▶ **EXERCISE DATA**:

--------------------------------------------------

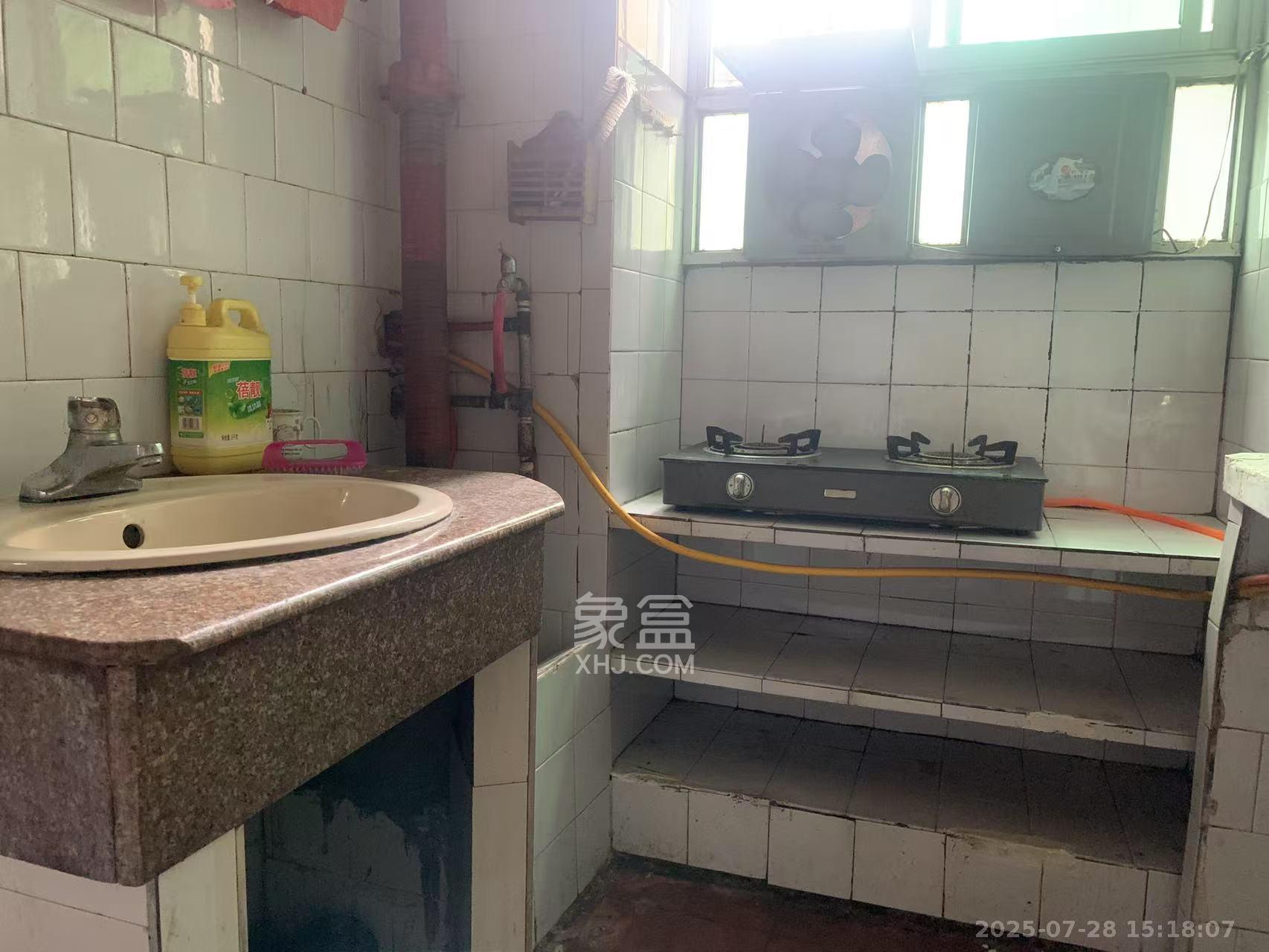 十五中单位宿舍 1室0厅0卫 2000.0元/月 十五中单位宿舍 1室0厅0卫 2000.0元/月室内图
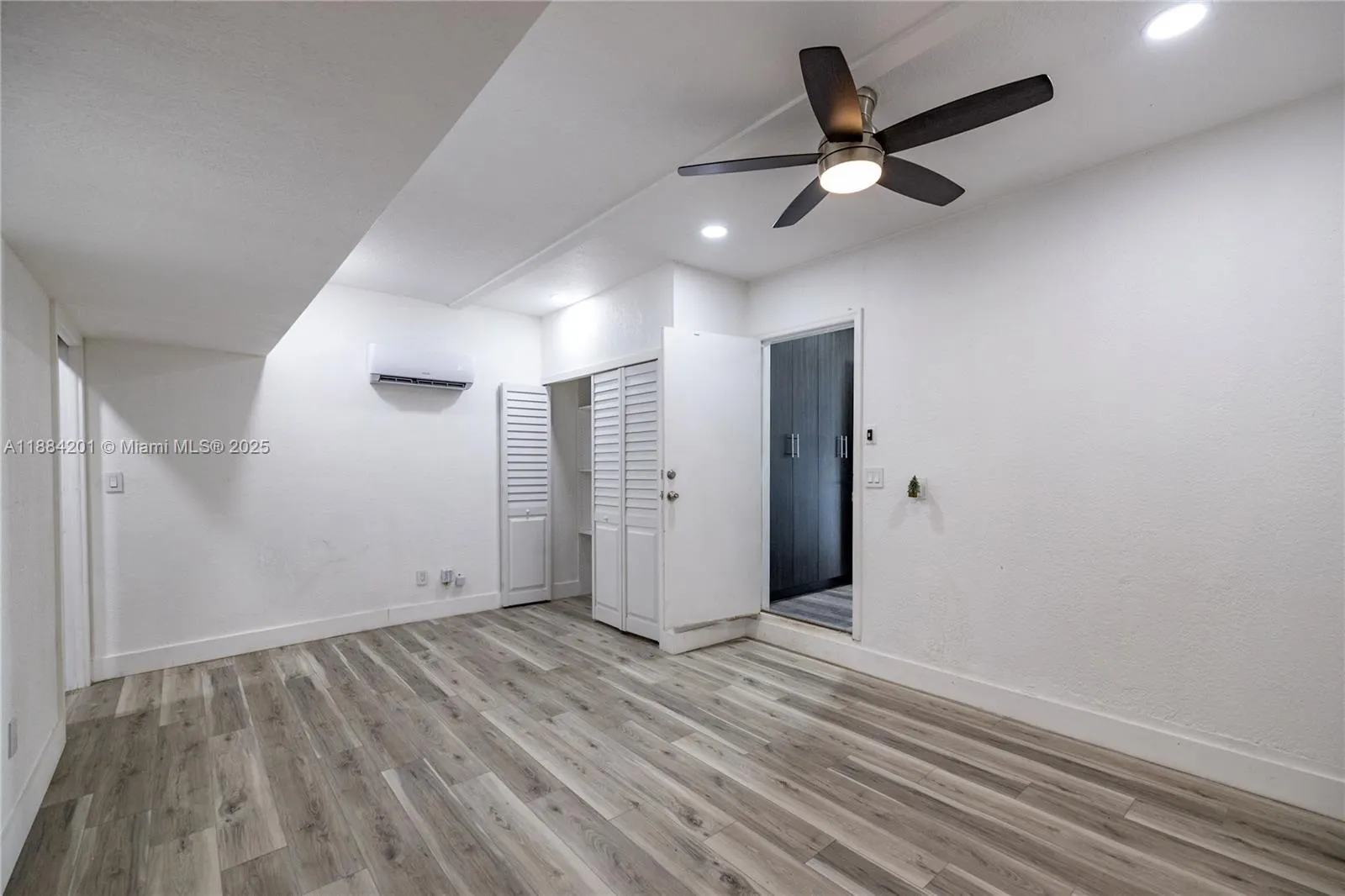 15981 SW 54th Ter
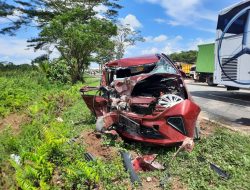 Minibus Adu Banteng dengan Truk Box, Pengemudi Minibus Hilang Nyawa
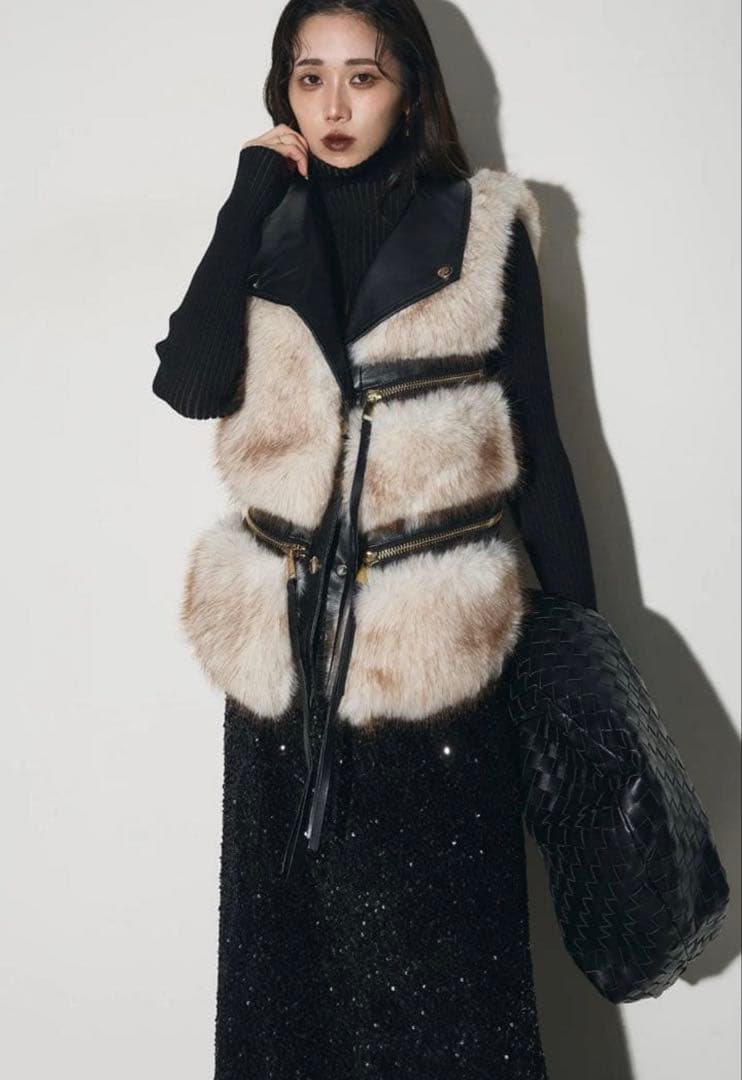 【ANDREA&Co】フェイクファーライダースベスト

--------------------------------------------------

▶ **WORK INSTRUCTIONS**: Keep the pictures out, and write out the rest of the data above word for word.

▶ **WRITTEN ANSWER**:
 十五中单位宿舍 1室0厅0卫 2000.0元/月 十五中单位宿舍 1室0厅0卫 2000.0元/月室内图
 15981 SW 54th Ter
 Minibus Adu Banteng dengan Truk Box, Pengemudi Minibus Hilang Nyawa
 【ANDREA&Co】フェイクファーライダースベスト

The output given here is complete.